Oireachtas Joint and Select Committees

Wednesday, 2 May 2018

Committee on Budgetary Oversight

Public Service Performance Report 2017: Discussion

2:00 pm

Photo of Eamon RyanEamon Ryan (Dublin Bay South, Green Party) | Oireachtas source

I appreciate the presentation. I may have got out of the wrong side of the bed this morning such that the witnesses should take what I am about to say with that caveat. I love the Irish Civil Service. If I was advising my children on their career options, I would tell them to into the public service or the Civil Service because young people can avail of major opportunities and learn a great deal by doing so.

On the question of how I would grade this report in terms of feedback, I could not even give it a D. To be honest, I would give it an F in terms of what it does for me in providing feedback on public service performance. There is interesting material in this report. I hear from a lot of civil servants that the Department of Public Expenditure and Reform has done particularly well in the management of the crisis in terms of its own budget expenditure. I note that pay expenditure in that Department has increased by 25% in the past five years while one of the Departments in which I am interested, the Department of Communications, Climate Action and Environment, has remained static in that time. I note that the average pay for civil servants in the Department of Public Expenditure and Reform is €49,000, whereas in the Department of Communications, Climate Action and Environment it is €39,000. The same applies in respect of the Department of Finance.
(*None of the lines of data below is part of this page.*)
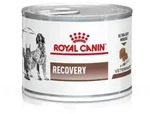 Royal Canin Recovery Nassfutter - 1x195 g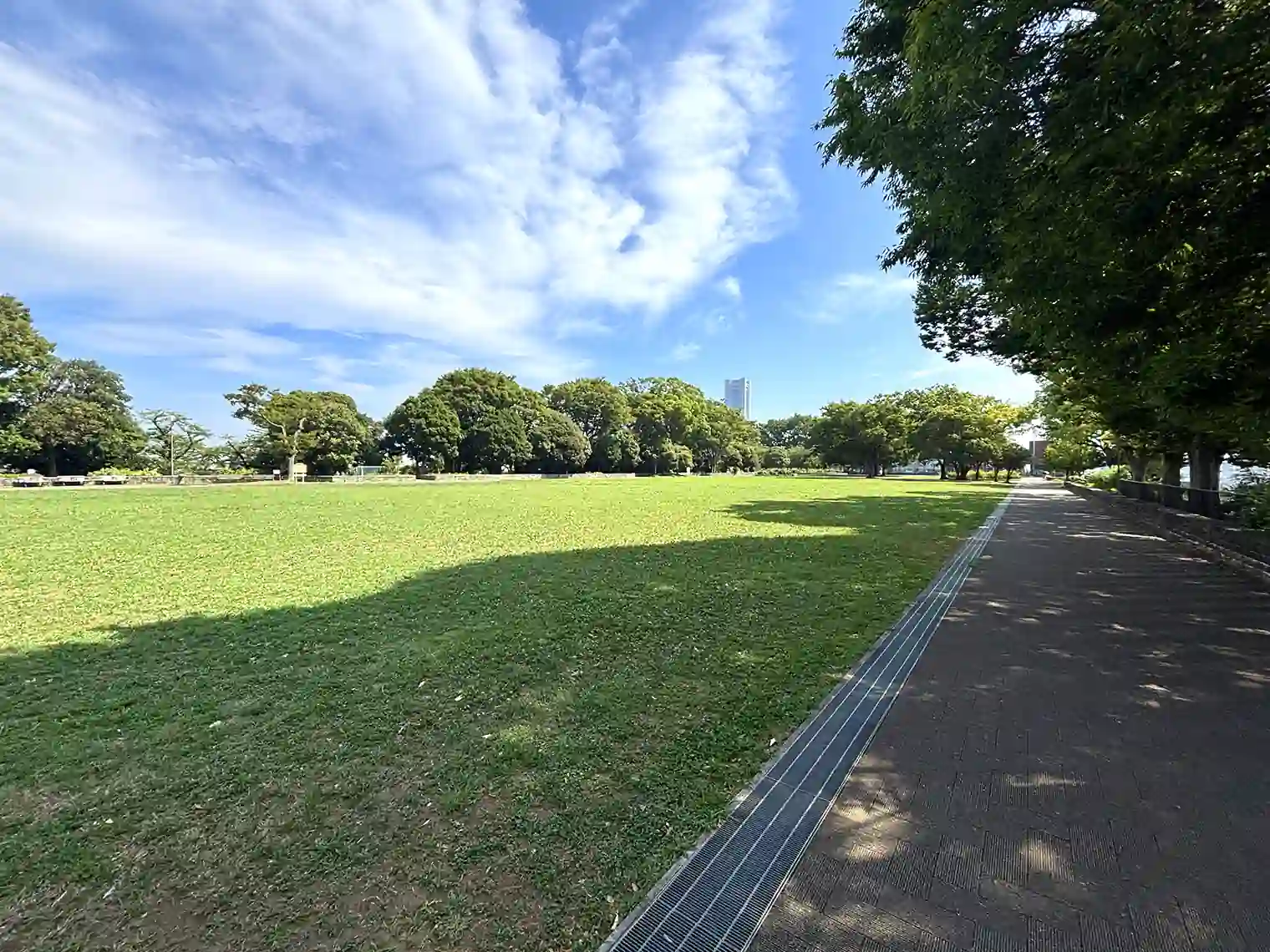 大芝生広場（展望地区）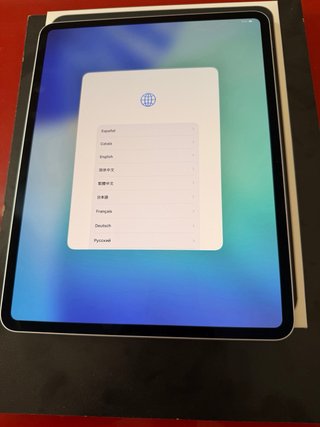 Ipad Pro 13 M5 Wifi 256 Gb nueva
It is a qualitative assessment of the characteristics of our public service that the real power lies within the Department of Public Expenditure and Reform and I note that.
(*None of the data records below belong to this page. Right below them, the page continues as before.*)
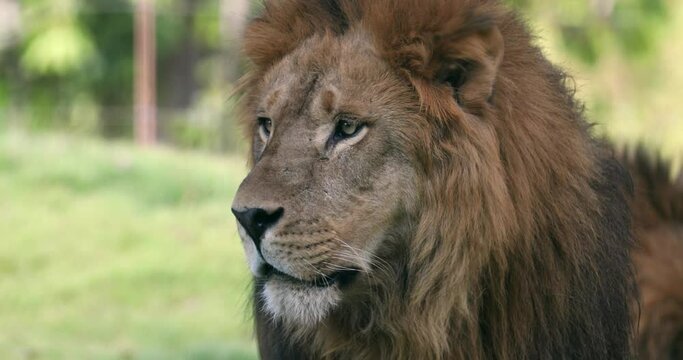 lion close shoot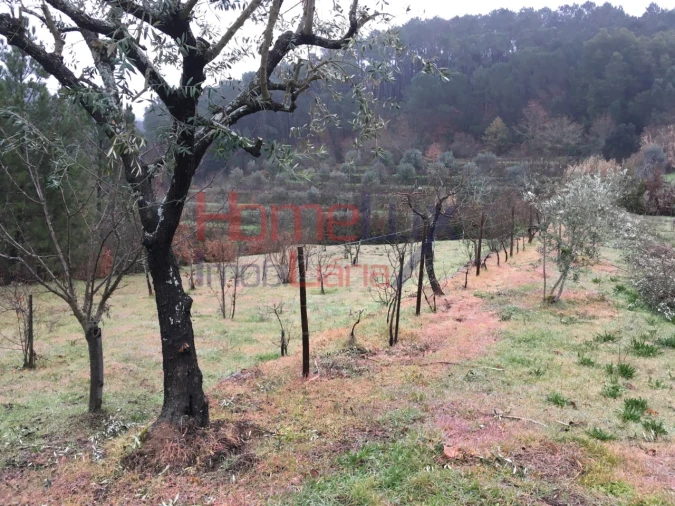 Terreno para Venda em Mangualde, Mesquitela e Cunha Alta Foto 4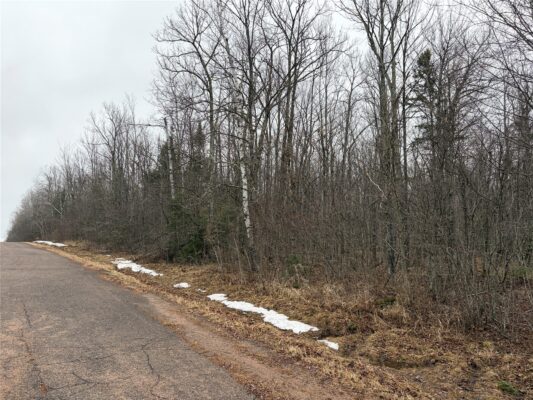 ON N Hofer Road Couderay WI 54828 — photo 1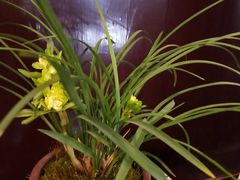 -金陵花卉交易市场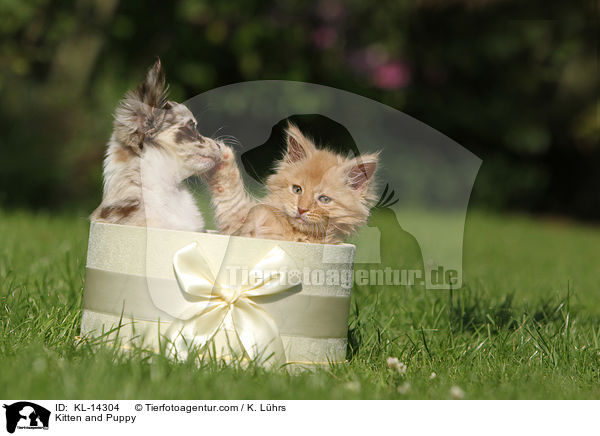 Ktzchen und Hundewelpe / Kitten and Puppy / KL-14304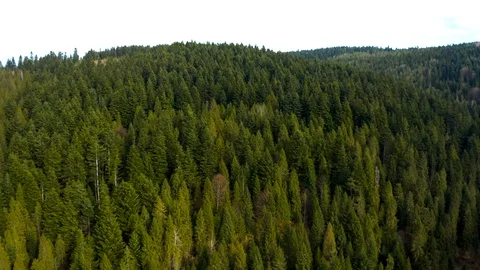 Beautiful drone flights over forests with beautiful views of mountains and fores Stock Footage 127085806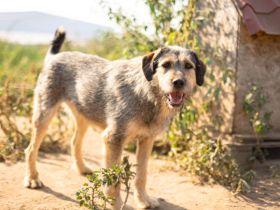 Hallo, ich bin Eve und suche ein Zuhause.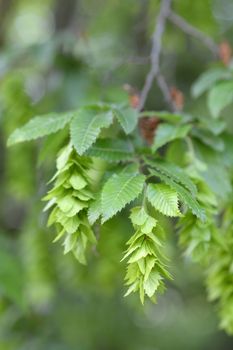 Oriental hornbeam - Latin name - Carpinus orientalis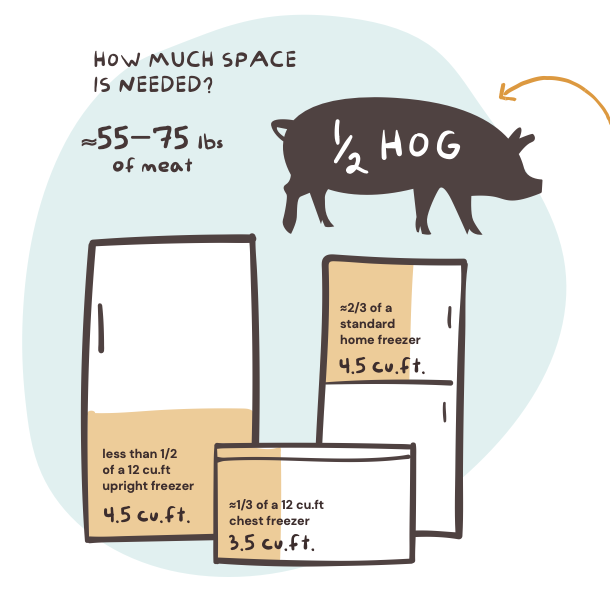 Half-Hog-Space.png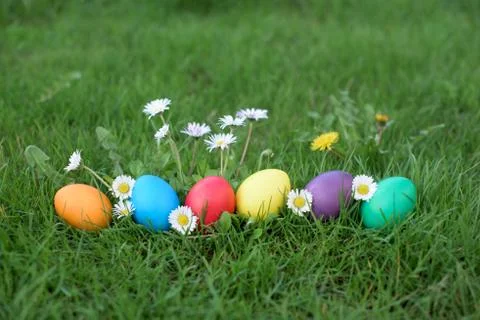 Different color Easter eggs Foto stock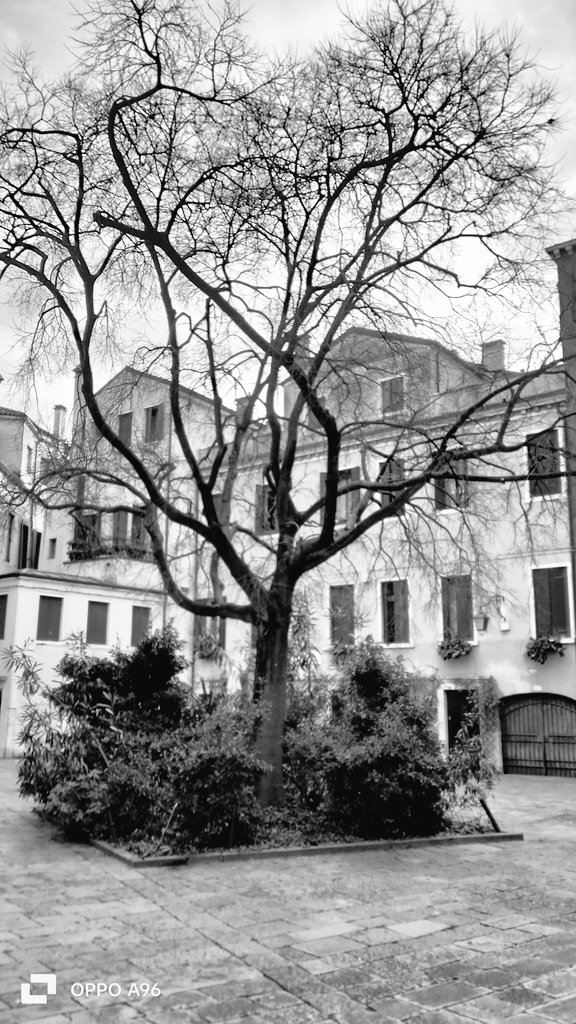 È di sera che la solitudine morde di più.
This review does not tell me how we are moving from relying on generalists to specialists, which is a strategic issue in terms of our thinking on how our public service develops. I would like to know the background of the type of people we are taking into the public service and the staff turnover within Departments, including those that have a high staff turnover and those with a low staff turnover. This report does not tell me any of this type of qualitative information. It provides only the bare figures in terms of the pay and pensions bill but I would like more qualitative information on our civil servants. For example, I would like to know how many are coming in from other organisations, how many are leaving to go to other organisations, the average length of time staff remain in Departments and so on.

There is much discussion around disclosure in the area of health. As a matter of principle, all data relating to the public service should be publicly available at the touch of a button. If there are road works taking place in a particular area, for example, I would like to be able to quickly find out, via the Internet, the name of the contractor, when the contract was written and so on. We should be disclosing everything we do unless we are restricted from doing so on foot of data protection or security reasons. All of the material and figures in this report should, by definition, be available in order that we can assess it, but that is not the case.
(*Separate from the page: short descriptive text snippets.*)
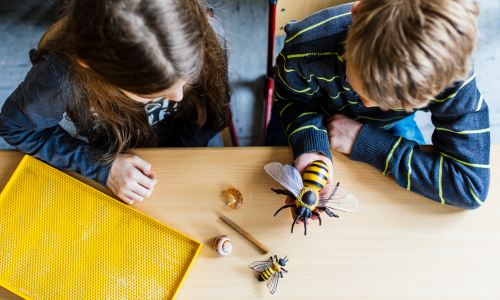 Umweltaktionstage 2018 Naturparkschule Zuesch © VDN / Carolin Lauer 
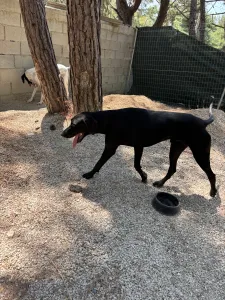 Adopt Azour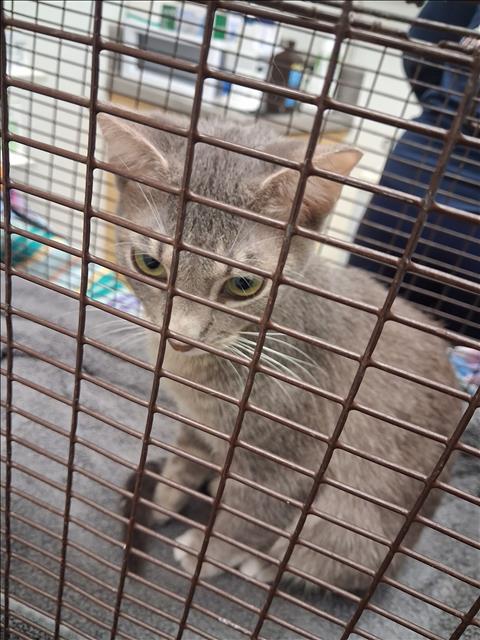Shelter Stray Female Cat last seen , 1850 W 60th St, Los Angeles, CA 90047, USA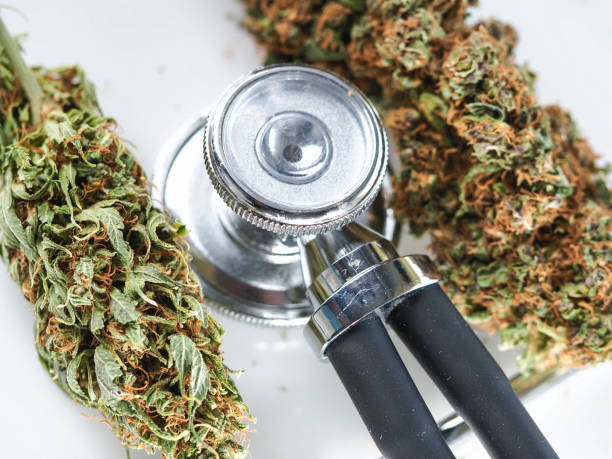 istock cannabis buds and stethoscope on  white background. 1957349894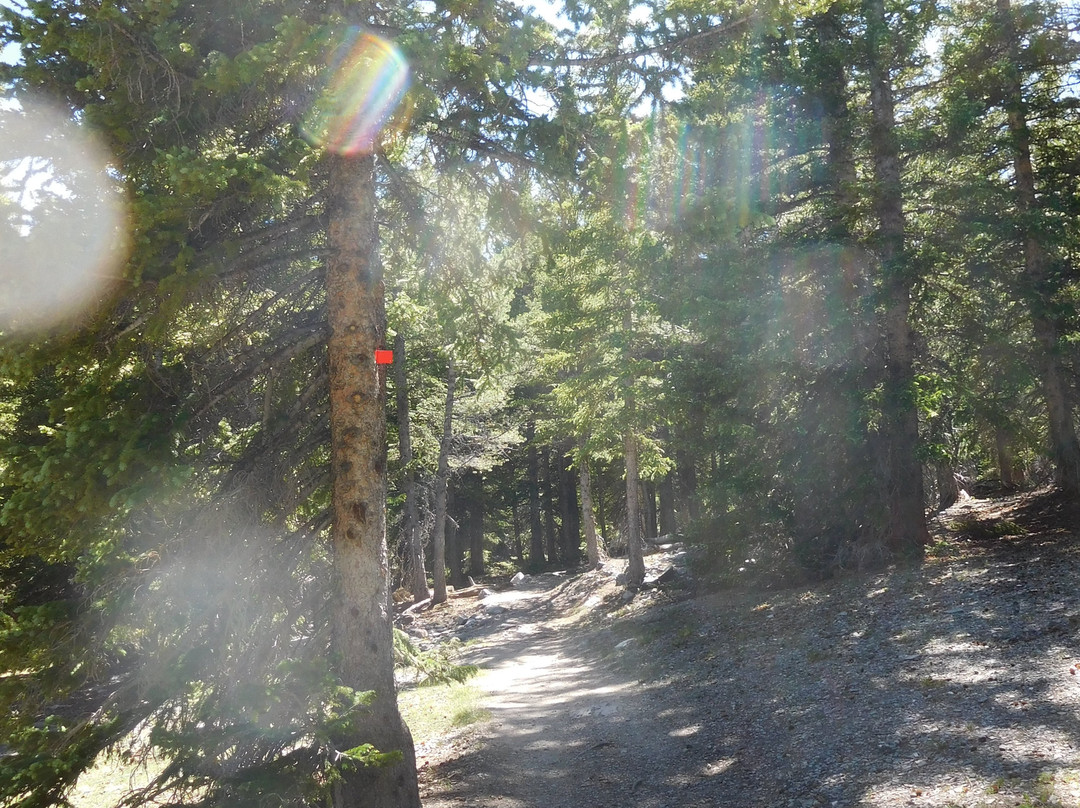 Alpine Lakes Loop-Great Basin National Park必去景点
I will explain why I give this report an F grade. I am interested in a number of areas covered in the report. In respect of to the Department of Culture, Heritage and Gaeltacht Affairs, for example, the report states, in the context of North-South co-operation, that the number of organisations supported by the Ulster Scots agency is up by 95 to 374. Everyone knows that North-South co-operation is in dire straits and that this data tells us nothing. I have real concerns about the state of the Irish language. I hear regularly from people in the Gaeltacht that the language is dying. There are no young children speaking Irish but one gets no sense of this from the data provided in the report. According to the information it contains, attendance at clubanna óige is up by 71 to 1,300. What does this mean in the real world where the Gaeltacht areas are dying?

On heritage, I read a brilliant article yesterday written by Pádriac Fogarty of the Irish Wildlife Trust. It is a damning indictment of the destruction of our environment that is currently taking place, with widespread loss of species and destruction of habitats. The latter as been going on for a long time but is now reaching a critical point. I get no sense of that from the report in terms of the data it provides regarding payments towards cessation of turf cutting on designated sites and so on. What Deputy Lisa Chambers said is true. What is the impact of what is happening? This is difficult to assess because some of the issues, including the health or otherwise of our Gaeltacht, are long-term. One cannot apportion success or failures in this regard to public service performance but these are the metrics by which we should be testing.

EUROSTAT published another major report yesterday. The report in question shows that Ireland is the worst when it comes to the generation of plastic waste. We produce an average of 61 kg each in plastic waste every year, which is twice the European average and 10 kg per person above the next worst country. There is none of that information in this report. I would be ambitious and say that if we are interested in carrying out performance reviews, then the report should refer to international comparisons - including in respect of where we stand in European league tables - and five, ten, 20 and 50-year trend diagrams and analysis. A mere tabular listing of how many organisations are supported by the Ulster Scots Agency, which is the quality of a lot of this material, does not tell me anything.